__Problem to solve__:
Reproduce precisely the lines between the start of the data below and the line with "House for rent", both included.

(Crawled caption data)
============

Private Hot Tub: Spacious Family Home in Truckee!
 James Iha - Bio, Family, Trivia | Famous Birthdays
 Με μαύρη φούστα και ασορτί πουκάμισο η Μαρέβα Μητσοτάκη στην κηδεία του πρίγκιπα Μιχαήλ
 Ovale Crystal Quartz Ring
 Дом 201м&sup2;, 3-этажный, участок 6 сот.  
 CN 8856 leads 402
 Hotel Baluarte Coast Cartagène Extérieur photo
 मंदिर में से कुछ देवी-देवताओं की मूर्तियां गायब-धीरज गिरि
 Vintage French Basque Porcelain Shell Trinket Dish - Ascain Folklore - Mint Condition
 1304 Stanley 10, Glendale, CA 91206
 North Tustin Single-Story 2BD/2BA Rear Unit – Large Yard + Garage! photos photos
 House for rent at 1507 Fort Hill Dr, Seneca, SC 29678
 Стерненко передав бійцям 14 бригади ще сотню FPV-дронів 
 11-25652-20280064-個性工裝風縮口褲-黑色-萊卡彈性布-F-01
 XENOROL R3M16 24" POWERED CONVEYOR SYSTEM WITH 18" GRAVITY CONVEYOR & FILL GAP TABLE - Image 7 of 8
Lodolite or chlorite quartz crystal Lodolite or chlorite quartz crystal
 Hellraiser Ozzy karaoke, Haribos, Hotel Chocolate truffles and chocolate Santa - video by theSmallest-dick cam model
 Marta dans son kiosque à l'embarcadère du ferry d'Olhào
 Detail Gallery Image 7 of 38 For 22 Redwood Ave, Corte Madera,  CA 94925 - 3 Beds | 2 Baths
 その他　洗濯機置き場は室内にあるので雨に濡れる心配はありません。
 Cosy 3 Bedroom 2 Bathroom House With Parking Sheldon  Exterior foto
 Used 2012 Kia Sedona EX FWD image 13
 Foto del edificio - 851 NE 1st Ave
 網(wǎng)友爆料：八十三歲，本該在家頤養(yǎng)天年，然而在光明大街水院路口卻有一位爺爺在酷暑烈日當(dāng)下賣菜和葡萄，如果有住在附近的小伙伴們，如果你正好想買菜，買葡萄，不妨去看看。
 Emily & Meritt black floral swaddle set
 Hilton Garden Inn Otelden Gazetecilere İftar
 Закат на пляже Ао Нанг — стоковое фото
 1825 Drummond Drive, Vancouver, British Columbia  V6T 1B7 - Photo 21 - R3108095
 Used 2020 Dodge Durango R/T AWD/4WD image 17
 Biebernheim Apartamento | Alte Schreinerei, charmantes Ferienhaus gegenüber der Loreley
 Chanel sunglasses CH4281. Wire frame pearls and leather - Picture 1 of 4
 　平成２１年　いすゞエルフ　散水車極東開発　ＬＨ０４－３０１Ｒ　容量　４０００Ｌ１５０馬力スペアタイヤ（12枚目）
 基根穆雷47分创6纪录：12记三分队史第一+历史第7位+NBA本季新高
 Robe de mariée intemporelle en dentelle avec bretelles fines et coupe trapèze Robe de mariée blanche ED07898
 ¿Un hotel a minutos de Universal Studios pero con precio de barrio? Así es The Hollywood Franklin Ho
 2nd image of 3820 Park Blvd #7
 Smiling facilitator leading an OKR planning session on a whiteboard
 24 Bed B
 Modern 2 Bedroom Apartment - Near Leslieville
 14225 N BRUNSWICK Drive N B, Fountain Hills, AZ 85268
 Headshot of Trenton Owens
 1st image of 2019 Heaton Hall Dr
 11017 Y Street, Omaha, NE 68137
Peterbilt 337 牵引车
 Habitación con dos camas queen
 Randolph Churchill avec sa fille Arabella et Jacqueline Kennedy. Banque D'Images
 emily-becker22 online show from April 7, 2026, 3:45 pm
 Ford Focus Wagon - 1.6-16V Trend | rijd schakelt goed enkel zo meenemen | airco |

============

__Answer to this task__:
Private Hot Tub: Spacious Family Home in Truckee!
 James Iha - Bio, Family, Trivia | Famous Birthdays
 Με μαύρη φούστα και ασορτί πουκάμισο η Μαρέβα Μητσοτάκη στην κηδεία του πρίγκιπα Μιχαήλ
 Ovale Crystal Quartz Ring
 Дом 201м&sup2;, 3-этажный, участок 6 сот.  
 CN 8856 leads 402
 Hotel Baluarte Coast Cartagène Extérieur photo
 मंदिर में से कुछ देवी-देवताओं की मूर्तियां गायब-धीरज गिरि
 Vintage French Basque Porcelain Shell Trinket Dish - Ascain Folklore - Mint Condition
 1304 Stanley 10, Glendale, CA 91206
 North Tustin Single-Story 2BD/2BA Rear Unit – Large Yard + Garage! photos photos
 House for rent at 1507 Fort Hill Dr, Seneca, SC 29678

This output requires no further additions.